Non contento, Draghi ha aggiunto che è “questione di credibilità”,
«sia sul fronte interno, ma anche internazionale, perché avere il credito internazionale alto come lo ha l’Italia oggi è importantissimo per la crescita interna, per il benessere, per la prosperità, per l’equità sociale, per poter fare tutte le riforme che sono necessarie senza avere il vincolo esterno che è ostile» (*).
Non concordiamo. Un economista come Draghi, presuntivamente persona seria, non dovrebbe parlare come un politico qualunque a proposito della “crescita straordinaria degli ultimi due anni”. Cosa che non esiste. Basta dare un’occhiata ai dati Istat sul Pil di giugno scorso (**): 2,8, per il 2022, rispetto al 6,6 del 2021. Partendo comunque dal – 9 del 2020. Per inciso, le previsioni per il 2023 sono dell’1,9.
Diciamo che l’Italia galleggia. E se galleggia è perché l’ “Agenda Draghi” non è altro che Draghi stesso, come egli fa notare, quando parla della “credibilità internazionale” che permette di fare (semplificando) tante cose buone.

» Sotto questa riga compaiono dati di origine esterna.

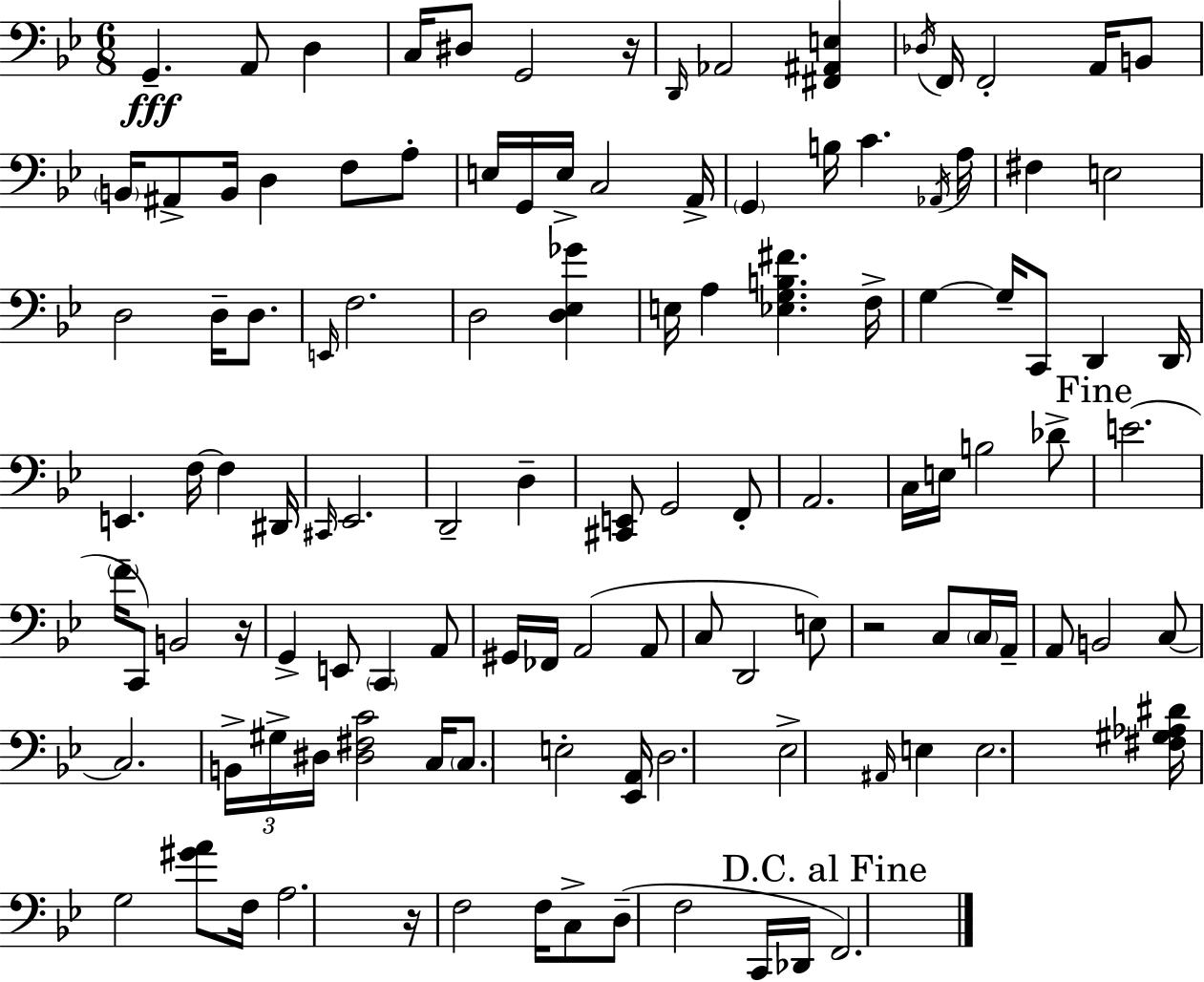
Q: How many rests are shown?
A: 4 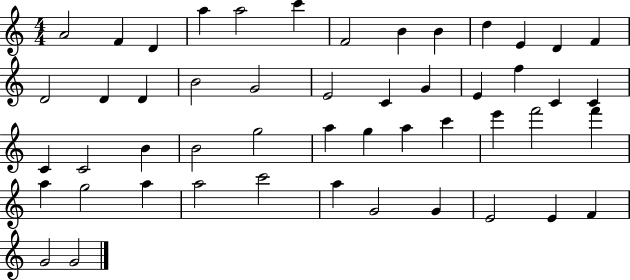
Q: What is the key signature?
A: C major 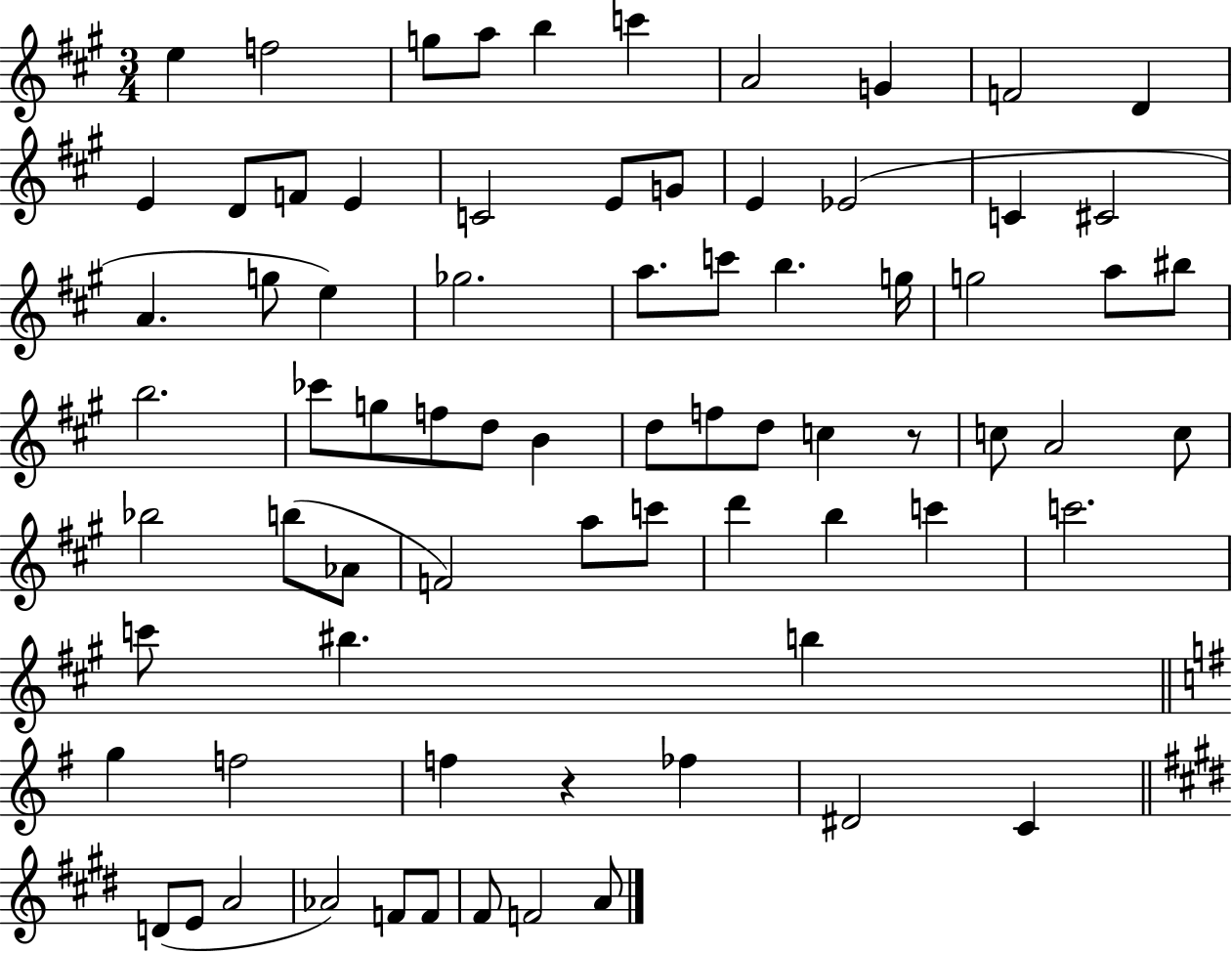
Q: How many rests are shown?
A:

In realtà, dietro l’ “Agenda Draghi”, non c’è alcuna miracolosa politica economica, ma un sistema di pubbliche relazioni, con al centro Draghi stesso: figura accreditatissima, anche giustamente, nei salotti buoni della finanza. Una specie di Luca Cordero di Montezemolo, dai natali modesti, con studi severi, meno farfallone, anzi un precisino, che facilita il reperimento dei fondi, a partire da quelli del Pnrr.
Ma c’è dell’altro. Si pensi alla sua tesi sull’importanza di conseguire gli obiettivi: maleodora di commercialista, nel senso del rigoroso assolvimento di tutti gli adempimenti necessari per non aprire contenziosi con il fisco. Nel caso di Draghi, con le istituzioni economiche europee e internazionali.
Tradotto: forma invece di sostanza. E cosa sarebbe la sostanza? Una politica di privatizzazioni, di riduzione della spesa pubblica e di conseguenti tagli fiscali. Draghi sembra invece bravo nella forma: per dirla alla buona, nella compilazione delle domandine in carta semplice… O più modernamente, nell’uso mirato della Pec con la Pubblica Amministrazione…
Ciò significa che senza crisi di governo, il fenomeno Draghi, come prova l’andamento del Pil, rischiava comunque di sgonfiarsi da solo. Non potendo non rivelarsi per quel che era: uno studio commercialistico, di alto livello per carità, ma intento a presentare dichiarazioni dei redditi e autotassazioni nei tempi previsti dalla legge.
Quindi a Draghi è andata bene. Ha salvato la faccia.
Però perché farsi del male, insistendo sulla sua “Agenda”?
Carlo Gambescia
(*) Qui: https://www.open.online/2022/08/04/decreto-aiuti-bis-conferenza-stampa-draghi/.
(**) Qui:https://www.istat.it/it/files//2022/06/Previsioni_giu_2022_fin2-1.pdf (Prospetto 1, p. 1) .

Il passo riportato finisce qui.